** Opening INPUT DATA block **

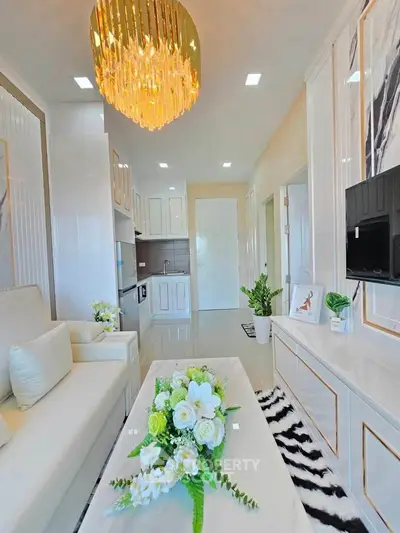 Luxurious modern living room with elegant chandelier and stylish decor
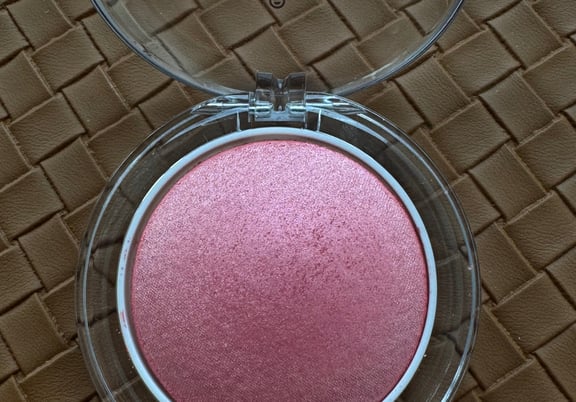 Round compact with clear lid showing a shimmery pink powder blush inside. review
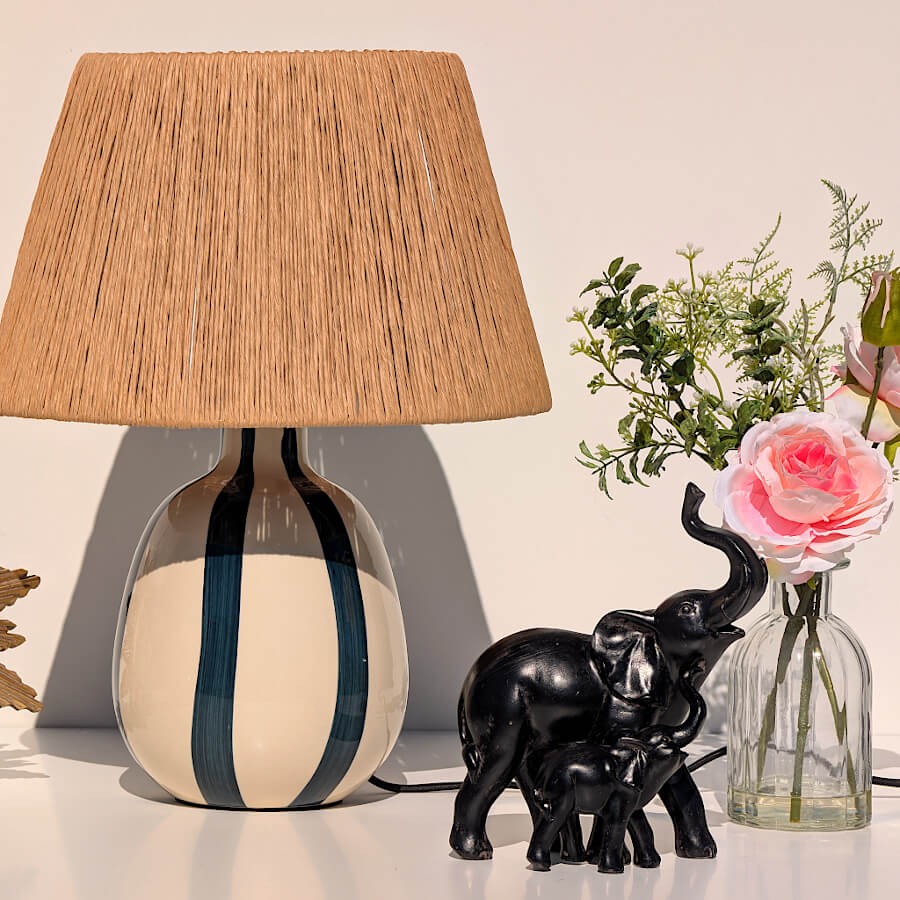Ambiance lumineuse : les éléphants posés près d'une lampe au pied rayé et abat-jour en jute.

** Closing INPUT DATA block **

WORK TASK
Find the line that contains "Round compact with" and repeat it, along with every line after it to the end of the data, exactly; drop the pictures.

RESPONSE
 Round compact with clear lid showing a shimmery pink powder blush inside. review
Ambiance lumineuse : les éléphants posés près d'une lampe au pied rayé et abat-jour en jute.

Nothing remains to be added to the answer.